§ **DATASET RECORDS**
******************************

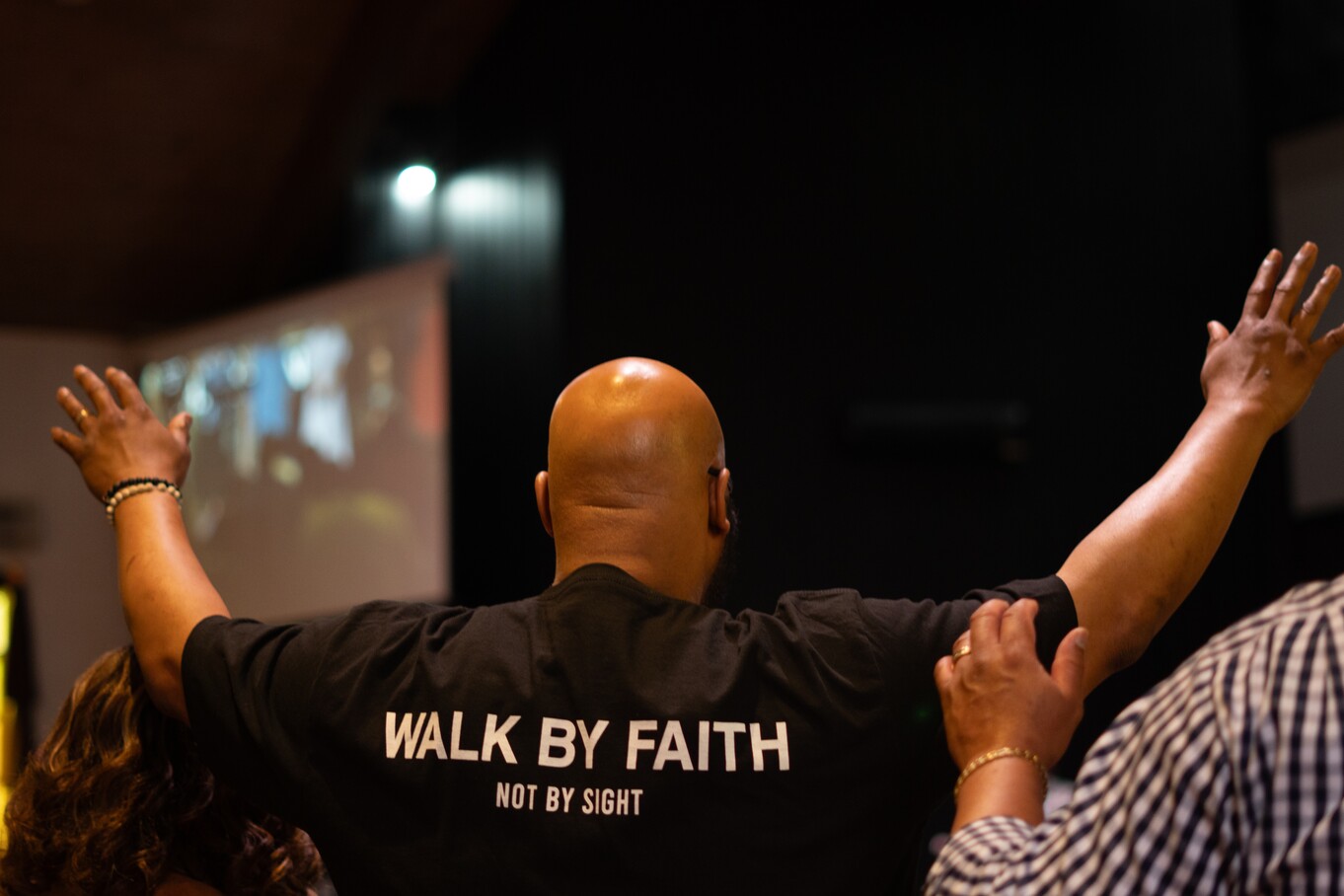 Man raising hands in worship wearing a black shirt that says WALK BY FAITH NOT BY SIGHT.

******************************

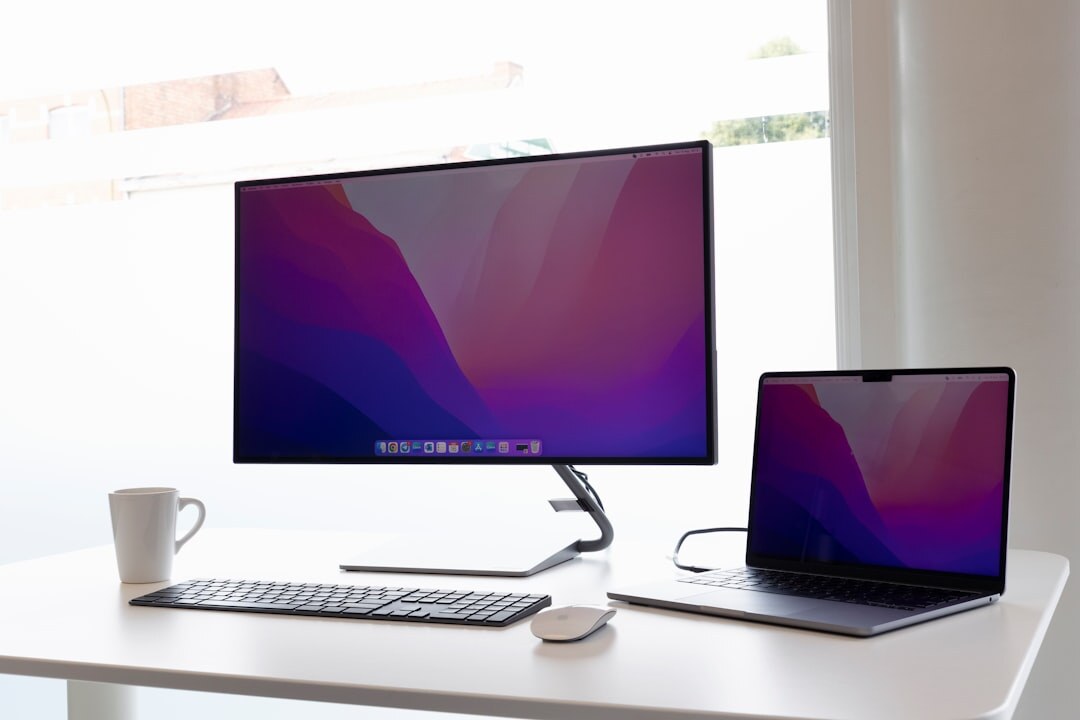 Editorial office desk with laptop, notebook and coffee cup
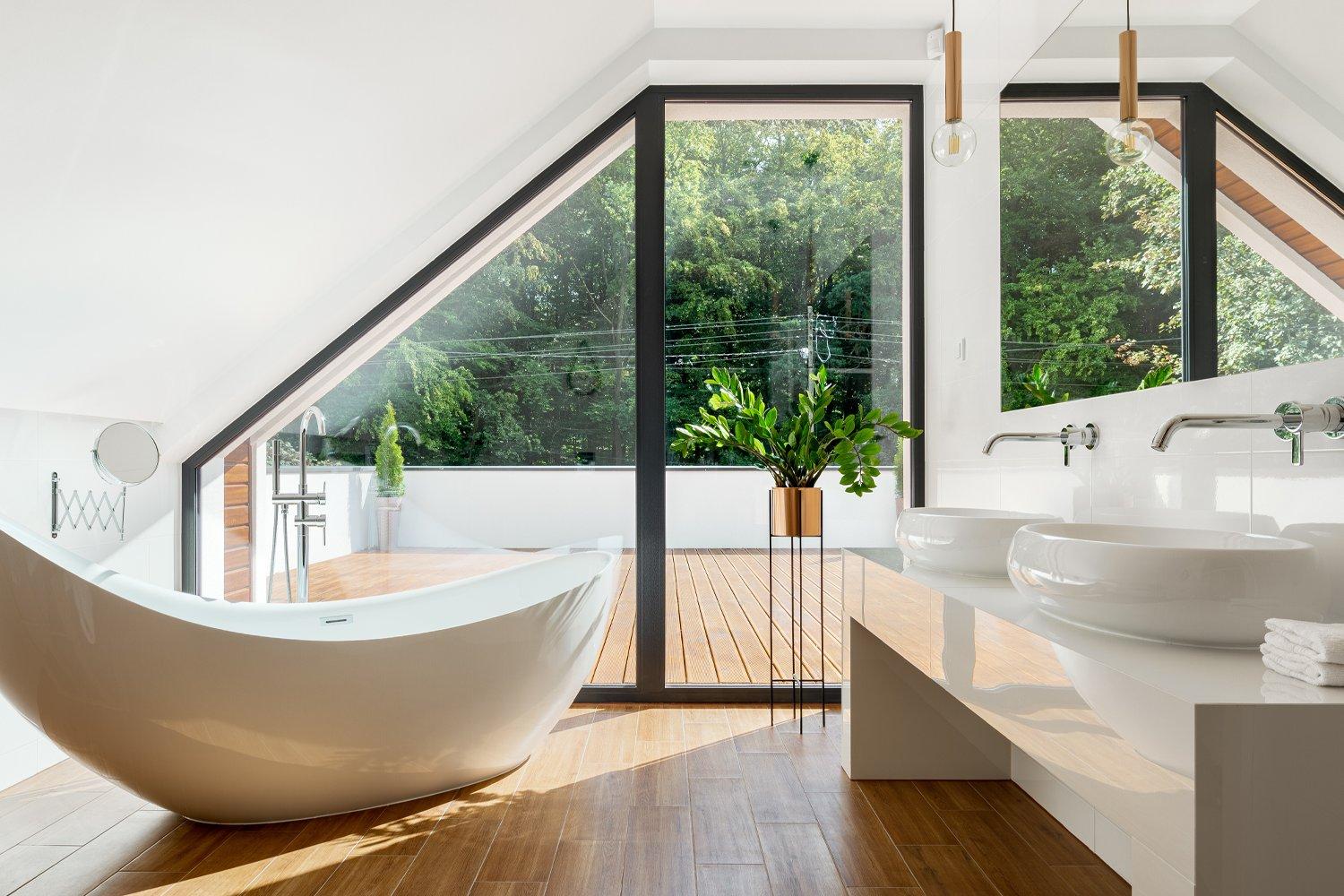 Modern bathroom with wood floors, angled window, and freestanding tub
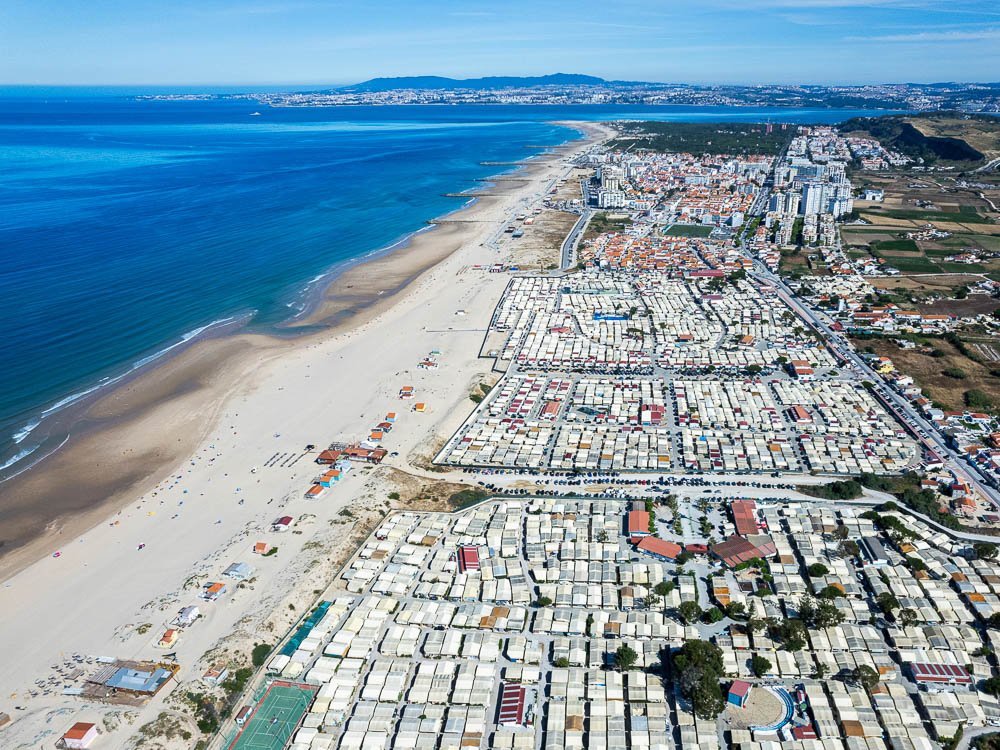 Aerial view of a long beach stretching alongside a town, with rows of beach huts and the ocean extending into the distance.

******************************

Now transcribe the lines above exactly, starting at the line containing "Modern bathroom with" and ending at the line containing "Aerial view of", both lines included, pictures excluded.

 Modern bathroom with wood floors, angled window, and freestanding tub
 Aerial view of a long beach stretching alongside a town, with rows of beach huts and the ocean extending into the distance.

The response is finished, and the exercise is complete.